A medida do adiamento foi tomada por causa de um pedido de vista (mais tempo para análise) feito pelo conselheiro Richard Pae Kim.
A manifestação do conselheiro aconteceu após a leitura do voto da relatora do processo, Salise Sanchotene, que defende a aplicação da norma. Mesmo assim, o conselheiro Mario Goulart Maia adiantou seu voto, seguindo a relatora.
O ato normativo proposto estabelece a intercalação entre mulheres e homens conforme a abertura de vagas para magistrados de carreira por critério de antiguidade e merecimento.
A discussão havia sido pautada para a manhã desta terça-feira (19) pela ministra Rosa Weber, presidente do CNJ e do STF (Supremo Tribunal Federal), às vésperas da sua aposentadoria.

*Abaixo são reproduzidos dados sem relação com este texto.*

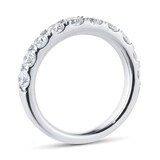Goldsmiths Platinum 1.50cttw Brilliant Cut Diamond Half Eternity Ring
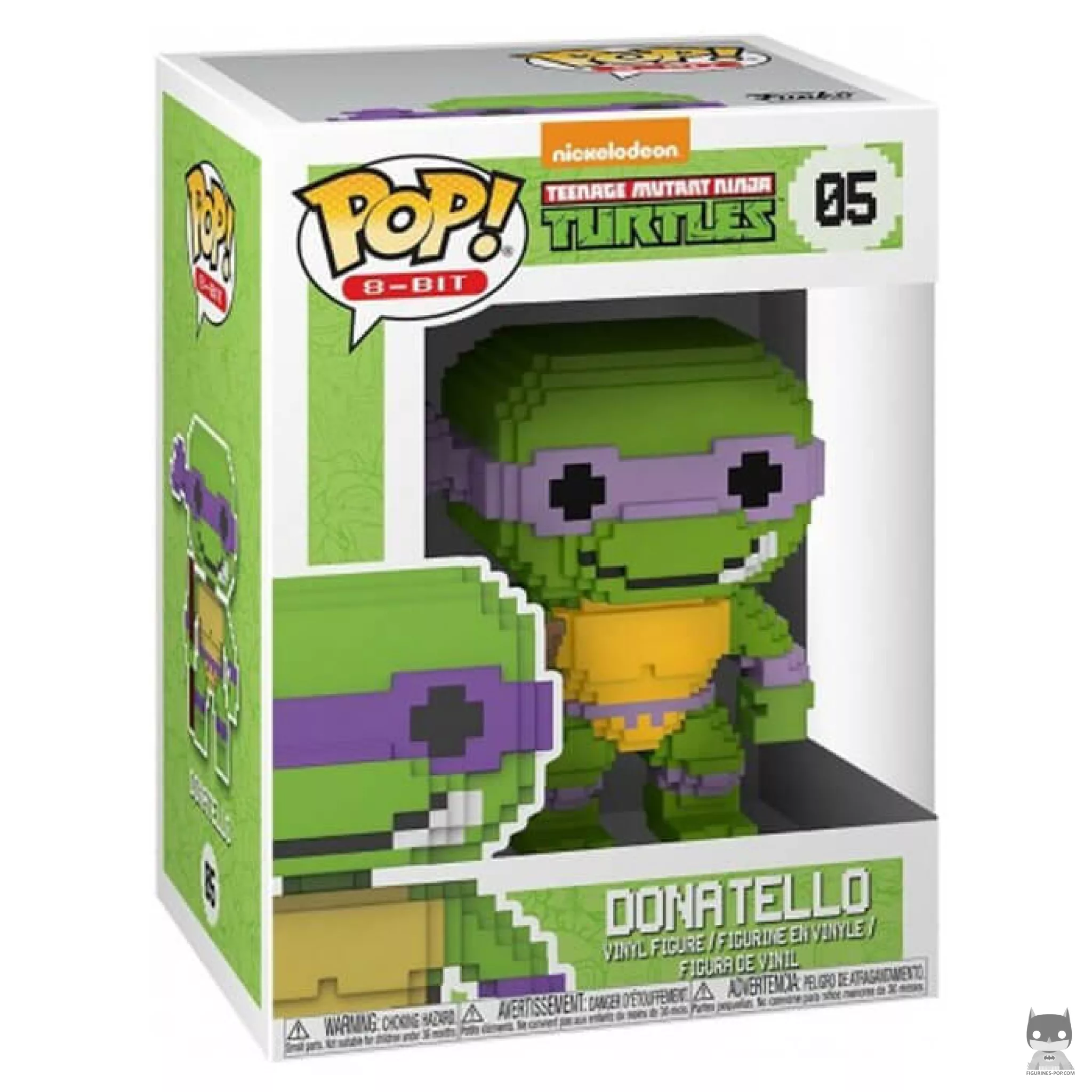 Figurine Funko POP Donatello (8-bit) avec boîte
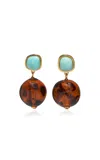 Lizzie Fortunato Pia Earrings In Leopard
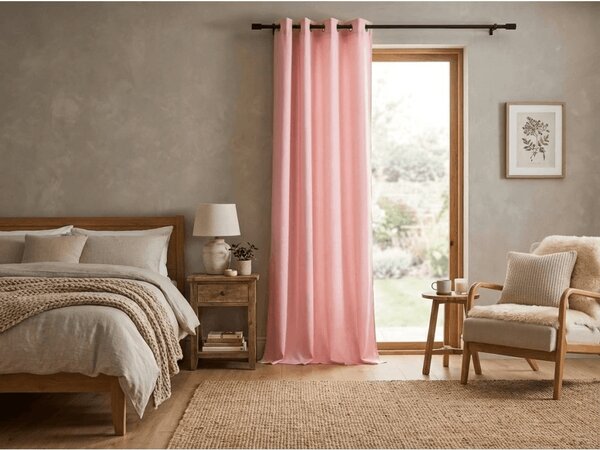Zavjesa OXFORD LIGHT 140x250 cm, ružičasta Sistem za vješanje: Traka za nabiranje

Se aprovado, o texto passa a valer em janeiro de 2024, e a primeira vaga aberta deverá ser preenchida pelo magistrado de gênero distinto do último promovido. A regra será mantida até que cada tribunal alcance a proporção entre 40% e 60% por gênero.
Dentro do CNJ, à véspera da votação, movimentos de juízas percorrem os gabinetes para defender a mudança enquanto associações da magistratura se manifestam contra.
No dia 28, o ministro Luís Roberto Barroso assume as vagas de Rosa tanto como presidente do Supremo como do CNJ. Ela deve renunciar aos cargos antes desta data e se aposentar no início de outubro.
Medidas para tentar ampliar a representatividade no Judiciário vêm sendo discutidas desde a gestão da ministra Cármen Lúcia. Em 2018, quando presidia o CNJ, foi aprovada uma resolução instituindo a Política Nacional de Incentivo à Participação Institucional Feminina no Poder Judiciário.
Apesar disso, especialistas afirmam que as mulheres seguem enfrentando mais barreiras para serem promovidas na carreira.
Dados do relatório Justiça em Números, do CNJ, referentes a 2022 apontam que as mulheres são 38% dos mais de 18 mil magistrados do país. Enquanto no primeiro grau elas chegam a 40%, na segunda instância o percentual fica em 25%.
O levantamento mostrou que havia 13 tribunais no país sem desembargadoras e ministras mulheres.
Era o caso dos TJs de Rondônia e do Amapá, do TRT (Tribunal Regional do Trabalho) da 24º Região, dos tribunais da Justiça Militar de São Paulo e Minas Gerais e dos TREs (Tribunais Regionais Eleitorais) de São Paulo, Minas Gerais, Distrito Federal, Rio Grande do Norte, Ceará, Santa Catarina e Rondônia.
Neste ano, o Tribunal Regional Federal da 5ª Região, que também integrava a lista, promoveu pela primeira vez uma magistrada.
A mudança da regra de antiguidade é o principal foco de resistência entre os magistrados. Defensores da alteração afirmam que, embora o critério pareça objetivo, ele desconsidera uma série de problemas, como vieses em bancas examinadoras.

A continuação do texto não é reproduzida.